(WHAT YOU SHOULD DO) Please print the records below exactly as they are.

(GIVEN DATA)
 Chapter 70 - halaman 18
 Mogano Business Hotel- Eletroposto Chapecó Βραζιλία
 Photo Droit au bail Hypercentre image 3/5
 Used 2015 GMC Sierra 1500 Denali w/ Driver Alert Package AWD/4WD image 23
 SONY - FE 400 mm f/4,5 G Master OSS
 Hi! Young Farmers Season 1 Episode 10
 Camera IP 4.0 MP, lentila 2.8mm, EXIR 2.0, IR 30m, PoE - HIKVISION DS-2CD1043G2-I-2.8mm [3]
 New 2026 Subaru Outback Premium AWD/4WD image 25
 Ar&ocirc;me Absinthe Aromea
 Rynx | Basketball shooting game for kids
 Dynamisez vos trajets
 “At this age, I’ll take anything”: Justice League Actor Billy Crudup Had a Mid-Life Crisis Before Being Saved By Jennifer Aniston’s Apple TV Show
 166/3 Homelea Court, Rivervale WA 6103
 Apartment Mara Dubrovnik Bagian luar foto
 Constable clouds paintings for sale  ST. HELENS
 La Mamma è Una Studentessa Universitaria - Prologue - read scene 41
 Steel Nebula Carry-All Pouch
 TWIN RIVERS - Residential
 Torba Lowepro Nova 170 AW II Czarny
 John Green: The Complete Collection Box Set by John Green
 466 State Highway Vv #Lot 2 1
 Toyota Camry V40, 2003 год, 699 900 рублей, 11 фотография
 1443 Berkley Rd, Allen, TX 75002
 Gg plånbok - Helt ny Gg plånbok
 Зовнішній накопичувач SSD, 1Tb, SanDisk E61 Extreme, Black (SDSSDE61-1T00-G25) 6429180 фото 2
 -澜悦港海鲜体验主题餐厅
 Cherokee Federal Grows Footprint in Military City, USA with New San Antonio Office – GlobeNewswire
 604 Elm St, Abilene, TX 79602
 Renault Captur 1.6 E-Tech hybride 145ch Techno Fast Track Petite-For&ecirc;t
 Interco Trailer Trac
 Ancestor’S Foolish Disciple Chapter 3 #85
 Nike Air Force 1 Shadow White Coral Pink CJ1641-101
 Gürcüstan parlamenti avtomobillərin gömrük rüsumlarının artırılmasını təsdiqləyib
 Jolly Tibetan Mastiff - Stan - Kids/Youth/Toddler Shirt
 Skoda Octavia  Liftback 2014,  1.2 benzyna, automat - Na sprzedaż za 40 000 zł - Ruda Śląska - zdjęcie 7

(ANSWER)
 Chapter 70 - halaman 18
 Mogano Business Hotel- Eletroposto Chapecó Βραζιλία
 Photo Droit au bail Hypercentre image 3/5
 Used 2015 GMC Sierra 1500 Denali w/ Driver Alert Package AWD/4WD image 23
 SONY - FE 400 mm f/4,5 G Master OSS
 Hi! Young Farmers Season 1 Episode 10
 Camera IP 4.0 MP, lentila 2.8mm, EXIR 2.0, IR 30m, PoE - HIKVISION DS-2CD1043G2-I-2.8mm [3]
 New 2026 Subaru Outback Premium AWD/4WD image 25
 Ar&ocirc;me Absinthe Aromea
 Rynx | Basketball shooting game for kids
 Dynamisez vos trajets
 “At this age, I’ll take anything”: Justice League Actor Billy Crudup Had a Mid-Life Crisis Before Being Saved By Jennifer Aniston’s Apple TV Show
 166/3 Homelea Court, Rivervale WA 6103
 Apartment Mara Dubrovnik Bagian luar foto
 Constable clouds paintings for sale  ST. HELENS
 La Mamma è Una Studentessa Universitaria - Prologue - read scene 41
 Steel Nebula Carry-All Pouch
 TWIN RIVERS - Residential
 Torba Lowepro Nova 170 AW II Czarny
 John Green: The Complete Collection Box Set by John Green
 466 State Highway Vv #Lot 2 1
 Toyota Camry V40, 2003 год, 699 900 рублей, 11 фотография
 1443 Berkley Rd, Allen, TX 75002
 Gg plånbok - Helt ny Gg plånbok
 Зовнішній накопичувач SSD, 1Tb, SanDisk E61 Extreme, Black (SDSSDE61-1T00-G25) 6429180 фото 2
 -澜悦港海鲜体验主题餐厅
 Cherokee Federal Grows Footprint in Military City, USA with New San Antonio Office – GlobeNewswire
 604 Elm St, Abilene, TX 79602
 Renault Captur 1.6 E-Tech hybride 145ch Techno Fast Track Petite-For&ecirc;t
 Interco Trailer Trac
 Ancestor’S Foolish Disciple Chapter 3 #85
 Nike Air Force 1 Shadow White Coral Pink CJ1641-101
 Gürcüstan parlamenti avtomobillərin gömrük rüsumlarının artırılmasını təsdiqləyib
 Jolly Tibetan Mastiff - Stan - Kids/Youth/Toddler Shirt
 Skoda Octavia  Liftback 2014,  1.2 benzyna, automat - Na sprzedaż za 40 000 zł - Ruda Śląska - zdjęcie 7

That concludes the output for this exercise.